Utah County Academy of Sciences (UCAS)  is a small charter high school in association with Utah Valley University (UVU) in Orem, Utah, United States. UCAS students travel from school districts in the surrounding Utah County area including Nebo School District, Alpine School District, and Provo School District.

This school has two locations. The Provo campus is for ninth and tenth grade students. It is located at 2121 N 550 W, Provo, UT, 84604. The Orem campus is for eleventh and twelfth grade students.

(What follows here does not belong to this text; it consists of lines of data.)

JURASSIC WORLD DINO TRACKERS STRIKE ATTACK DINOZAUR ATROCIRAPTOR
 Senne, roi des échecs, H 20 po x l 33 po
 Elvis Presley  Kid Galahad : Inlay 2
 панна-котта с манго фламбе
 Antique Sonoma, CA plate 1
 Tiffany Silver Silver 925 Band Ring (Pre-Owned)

It is located on the Northern end of the UVU campus at 940 W 800 S, Orem, UT, 84058. Classes are scheduled to meet both the college and high school graduation requirements.

UCAS was created along with six similar schools by former governor of Utah Michael Leavitt. 
 
The school has a driver's education, a student government, yearbook staff, technology student association, writing club, and several other student organized clubs. The school participates in the multicultural association programs in addition to all associations affiliated with UVU.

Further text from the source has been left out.